───── INFORMATION PROVIDED

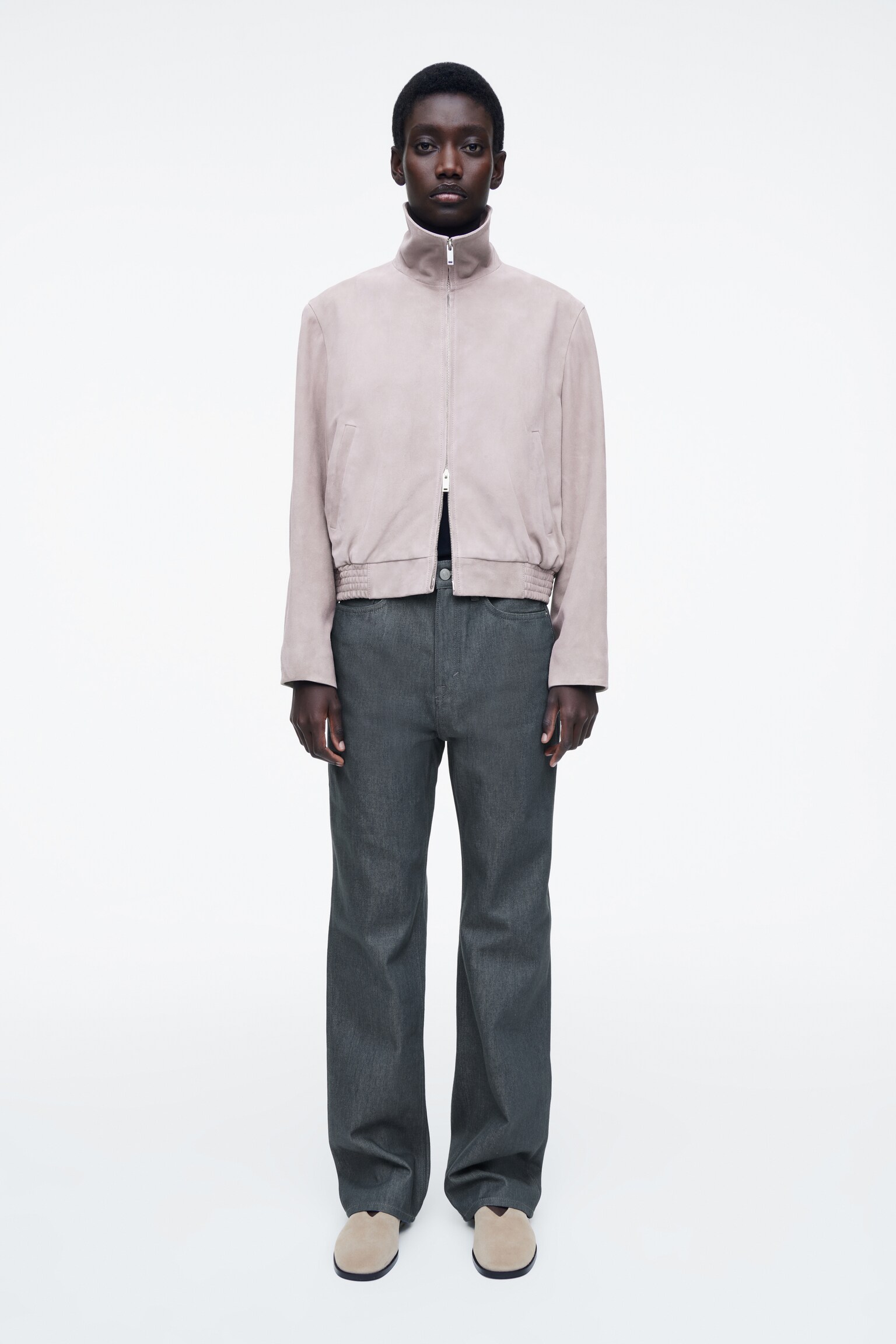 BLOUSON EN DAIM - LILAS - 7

──────────
───── INFORMATION PROVIDED

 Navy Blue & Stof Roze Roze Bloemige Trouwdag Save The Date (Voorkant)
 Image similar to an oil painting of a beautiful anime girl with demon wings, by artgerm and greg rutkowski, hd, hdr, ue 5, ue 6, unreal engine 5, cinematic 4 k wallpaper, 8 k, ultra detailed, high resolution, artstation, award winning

──────────

Of the entries above, transcribe exactly those lines that fall between the line containing "Navy Blue &" and the line containing "Image similar to", together with those two lines.

◆ **REPLY TO THE TASK**
 Navy Blue & Stof Roze Roze Bloemige Trouwdag Save The Date (Voorkant)
 Image similar to an oil painting of a beautiful anime girl with demon wings, by artgerm and greg rutkowski, hd, hdr, ue 5, ue 6, unreal engine 5, cinematic 4 k wallpaper, 8 k, ultra detailed, high resolution, artstation, award winning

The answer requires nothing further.